» Problem details: Write out exactly the lines from the one containing "Photo by adrienolichon" to the end of the material, both ends included, and nothing else. Leave pictures out.

» Collected material:
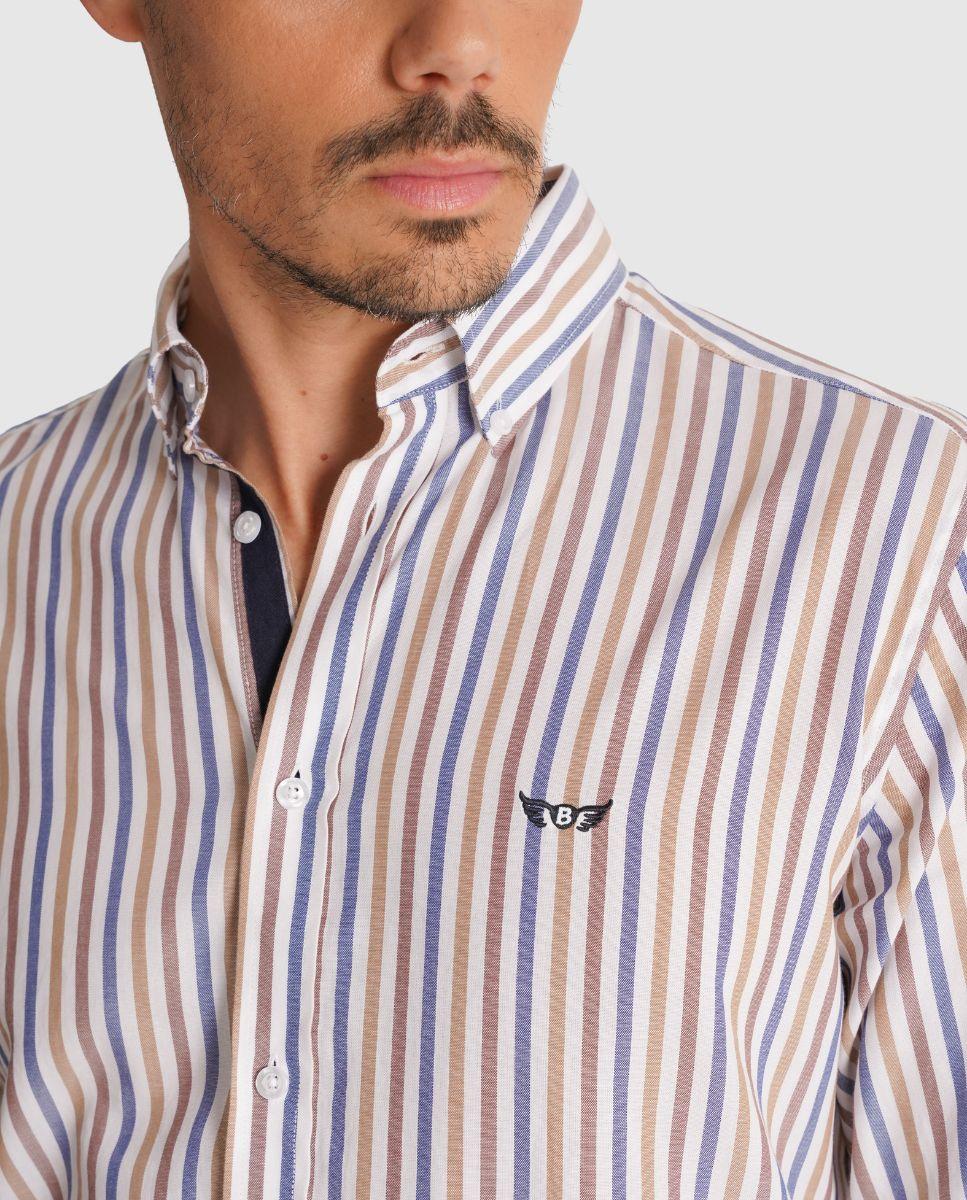 Camisa Às Riscas com Corte Regular Castanho-3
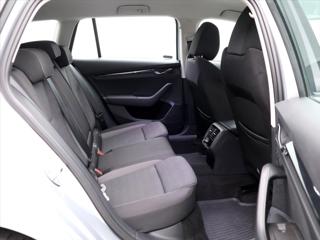 Škoda Octavia 2,0 TDI 85kW CZ 1.Maj LED DPH kombi - Foto 12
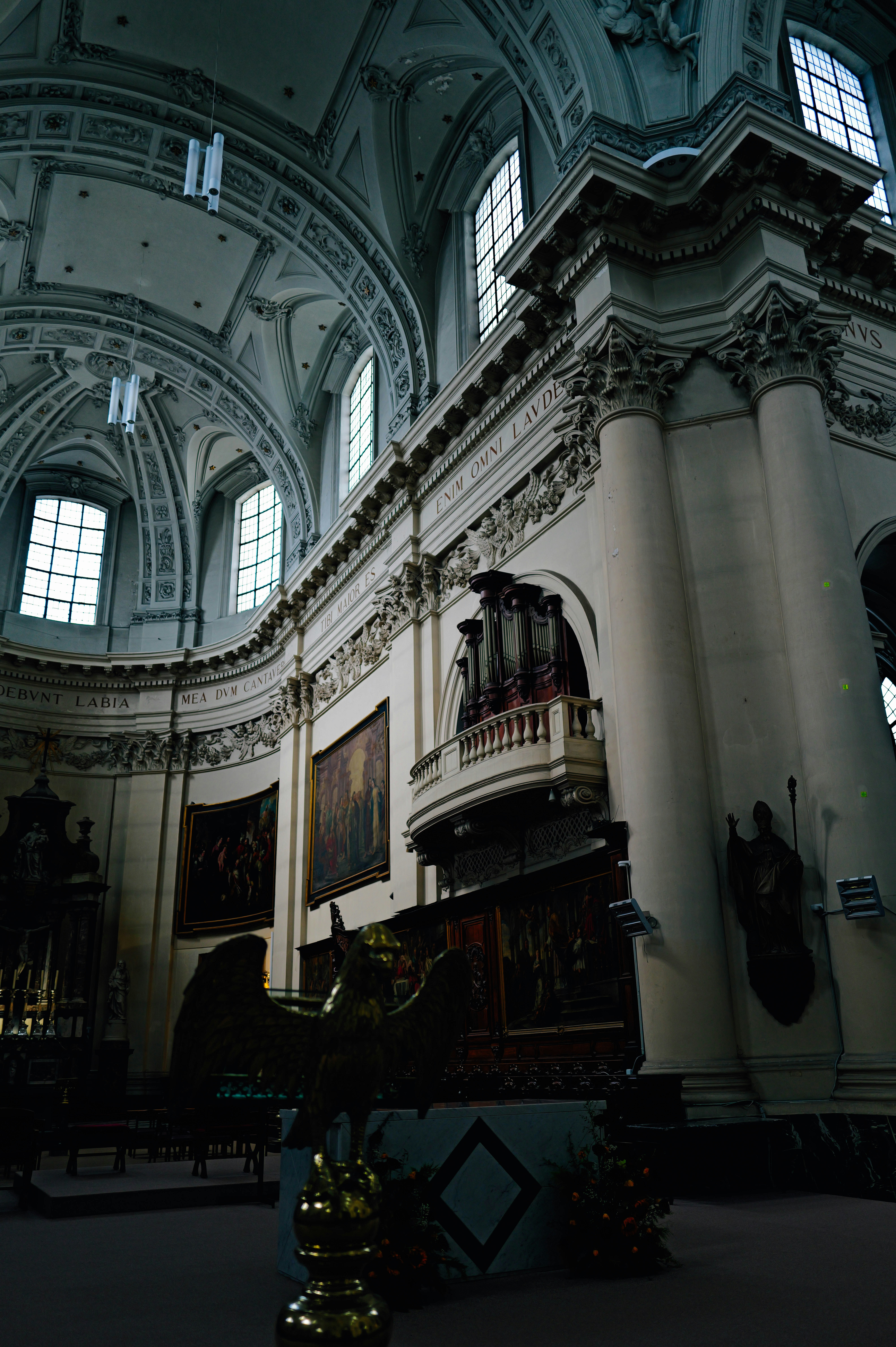 Photo by adrienolichon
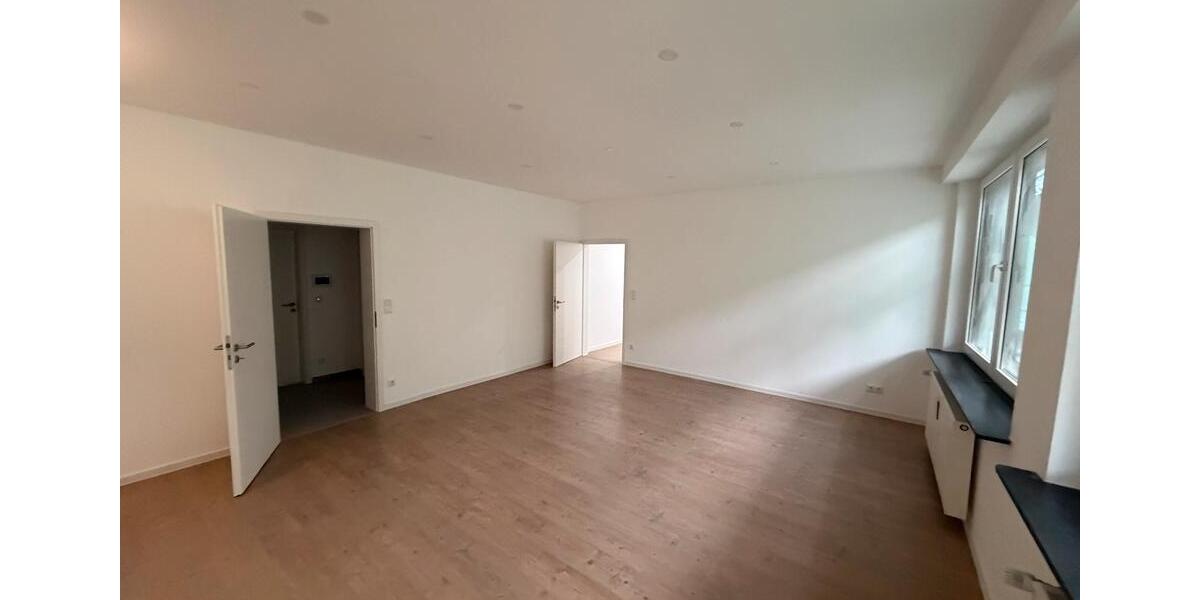 Etagenwohnung Kassel Philippinenhof-Warteberg - 3 Zimmer, 95 m&sup2;, 1.300&euro; | Angebot:26045042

» Response area:
 Photo by adrienolichon
 Etagenwohnung Kassel Philippinenhof-Warteberg - 3 Zimmer, 95 m&sup2;, 1.300&euro; | Angebot:26045042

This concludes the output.